A obra aborda vários temas que parecem caros ao autor como os afetos e o deslumbramento perante o amor, a natureza e a ecologia, a responsabilidade social e mundial ou o respeito pelas diferentes culturas e religiões. Salihina indigna-se perante aquilo que lhe parece ser reprovável, como o silenciamento cultural ou o assassinato de caráter. Emociona-se perante a inefabilidade do amor, as pessoas que lhe são próximas, com quem explorou afinidades e cumplicidades, as suas raízes e a família, aqueles que são parte do seu núcleo vital. É um poeta grato à vida, que o exprime sem pudor, usa palavras afiadas ou ternas com propriedade, elegância e mestria de escultor, e demonstra uma notável candura na expressão dos sentimentos ─ e até nos relatos ou considerações filosóficas que usam a poesia como veículo.

Esta obra não se me afigura apenas uma antologia pessoal. Dir-se-ia sobretudo um desbloquear de nós, que estavam presos no imo do eu-lírico. Considero-a um instrumento de libertação simbólica, que permite extravasar pensamentos, espontaneidades, reflexões ou declarações de intenções e de sentimentos. É também um livro de recordações íntimas e homenagens afetuosas a pessoas que, neste mundo ou no outro, permanecem vivas. O poeta-narrador exprime-se com subtil sinceridade sobre o que viveu, desejou, sofreu, sonhou ou testemunhou, sobre o que perdeu e o que a vida lhe vem oferecendo. A estética, a transparência e clareza das suas palavras envolvem o leitor desde os primeiros versos.
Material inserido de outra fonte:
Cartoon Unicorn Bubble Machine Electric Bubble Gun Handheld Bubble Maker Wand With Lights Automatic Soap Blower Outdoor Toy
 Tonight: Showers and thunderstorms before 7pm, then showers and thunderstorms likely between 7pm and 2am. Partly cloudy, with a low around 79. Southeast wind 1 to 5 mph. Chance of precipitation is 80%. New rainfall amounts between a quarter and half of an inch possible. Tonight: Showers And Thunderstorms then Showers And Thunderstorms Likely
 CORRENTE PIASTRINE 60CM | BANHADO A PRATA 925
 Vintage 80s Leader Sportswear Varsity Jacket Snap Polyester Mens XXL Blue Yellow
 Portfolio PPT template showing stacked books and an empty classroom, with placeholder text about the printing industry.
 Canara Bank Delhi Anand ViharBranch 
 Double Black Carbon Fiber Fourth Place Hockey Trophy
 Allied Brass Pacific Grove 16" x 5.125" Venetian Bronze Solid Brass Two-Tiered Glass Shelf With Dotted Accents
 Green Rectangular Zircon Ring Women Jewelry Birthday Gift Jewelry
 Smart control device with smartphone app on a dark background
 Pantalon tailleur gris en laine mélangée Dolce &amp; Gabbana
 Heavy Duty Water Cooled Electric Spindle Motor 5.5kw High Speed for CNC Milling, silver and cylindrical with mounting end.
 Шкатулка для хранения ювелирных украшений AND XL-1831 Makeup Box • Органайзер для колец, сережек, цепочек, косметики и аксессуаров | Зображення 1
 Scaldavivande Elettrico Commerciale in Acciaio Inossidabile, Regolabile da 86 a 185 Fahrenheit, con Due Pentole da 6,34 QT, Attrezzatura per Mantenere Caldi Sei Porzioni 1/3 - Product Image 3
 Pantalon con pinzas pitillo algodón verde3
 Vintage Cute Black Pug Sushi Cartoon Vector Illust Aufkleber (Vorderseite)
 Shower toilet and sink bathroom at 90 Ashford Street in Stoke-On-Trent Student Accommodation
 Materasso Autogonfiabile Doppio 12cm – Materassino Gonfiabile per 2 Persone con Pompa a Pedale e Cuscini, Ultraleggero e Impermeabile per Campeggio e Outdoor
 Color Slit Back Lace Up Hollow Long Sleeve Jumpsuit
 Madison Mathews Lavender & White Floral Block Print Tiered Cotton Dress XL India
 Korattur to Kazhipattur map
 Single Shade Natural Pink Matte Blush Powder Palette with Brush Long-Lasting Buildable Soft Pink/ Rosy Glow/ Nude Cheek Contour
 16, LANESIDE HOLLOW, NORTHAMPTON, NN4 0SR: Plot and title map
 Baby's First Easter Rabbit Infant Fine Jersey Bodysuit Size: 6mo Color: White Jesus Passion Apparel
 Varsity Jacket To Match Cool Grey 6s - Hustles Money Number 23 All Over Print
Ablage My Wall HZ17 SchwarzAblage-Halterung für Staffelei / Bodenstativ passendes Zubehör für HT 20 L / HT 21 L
Confirma-se a imagem de autenticidade e convicção, que confere aos poemas um tom confessional, como se estivéssemos a ler um diário íntimo, a seguir o fluxo do pensamento do poeta.

Salihina é um autor vibrante de pulsões, admirador confesso de Rimbaud, de Tchicaya U Tam’si, de Pessoa e Nuno Júdice, entre outros poetas que fazem parte da sua atmosfera íntima, como Emily Dickinson. O autor de Souffle d’humanité é também um leitor compulsivo ─ e embora estas notas não se destinem a apresentá-lo (a biografia resumida está aqui em rodapé) ─ apraz-me constatar que, neste país, com o qual temos pouco contacto, leitores/autores como Salihina leem também convictamente grandes poetas da língua portuguesa.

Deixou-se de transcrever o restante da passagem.